Tanzania is on target to achieve the Millennium Development Goal (MDG) of reducing childhood mortality by two thirds by 2015. The country’s remarkable success in this area followed improvements in its health system, including innovations such as the Tanzania Essential Health Interventions Project (TEHIP). By giving local districts the tools to make evidence-based decisions about the allocation of healthcare resources, TEHIP enabled districts to provide services that met their burden of disease patterns. These efforts led to dramatic declines in child mortality in two rural districts and TEHIP was later scaled up to 120 districts. Tanzania also introduced Integrated Management of Childhood Illness (IMCI) which was shown to have reduced child mortality by 13% and has been scaled up nationwide.
Despite these successes, the health system remains fragile and there has been little progress is reducing newborn and maternal mortality – a risk to the achievement of MDG4 and making achievement of MDG5 by 2015 in doubt. Access, quality, and cost of primary healthcare remain a challenge. In Tanzania the provision of community-based healthcare has been significantly hindered by the lack of a trained healthcare workforce and other capabilities that forge critical connections between local providers and the populations they serve. Despite the fact that the majority of Tanzanians live within five kilometers of a health facility, access remains a problem and outreach to communities and households is limited.
The research aims to therefore test a community health worker model for providing community-based health services and emergency referral to strengthen these connections between communities and health facilities and determine impact on child mortality, particularly newborn mortality.

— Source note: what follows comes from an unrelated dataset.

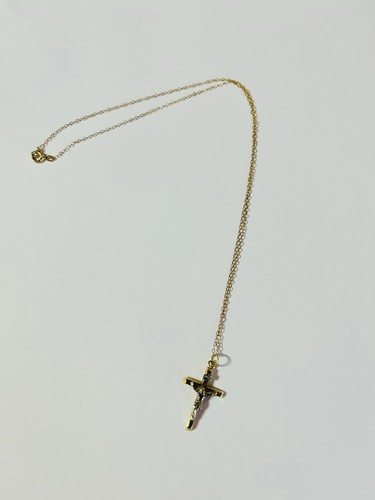 Vintage 10k gold crucifix - gold,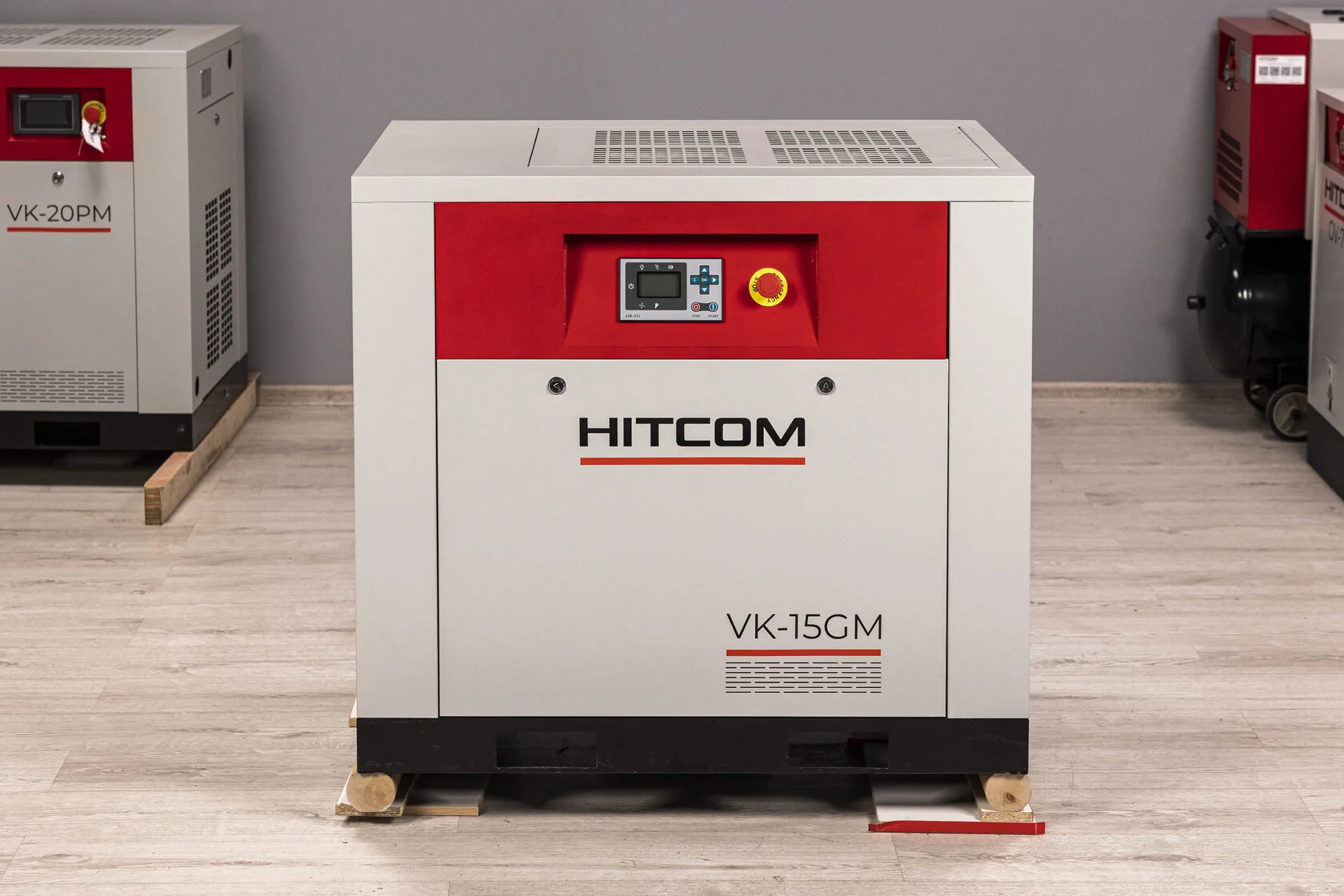 Компрессор винтовой HITCOM VK-15GM, 11 кВт, 10 бар, 1600 л/мин, 380В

While it is expected to also have impact on maternal mortality, due to the size of the population under study and the duration of the project, it is not likely that the effect size will be significant. The study will also assist the Tanzanian Ministry of Health and Social Welfare (MOHSW) in testing and costing a model for recruitment, training and deployment of Community Health Agents (CHAs) as envisioned in the Primary Health Service Development Program (PHSDP). This intervention, to be conducted in three rural districts where community-based healthcare and outreach services have not been developed and health and demographic surveillance systems will also allow evaluation of impact on mortality, will be known as CONNECT. A two celled trial will test the proposition that introducing a community health worker cadre and providing them with the necessary health system supports will accelerate MDG4 and MDG5.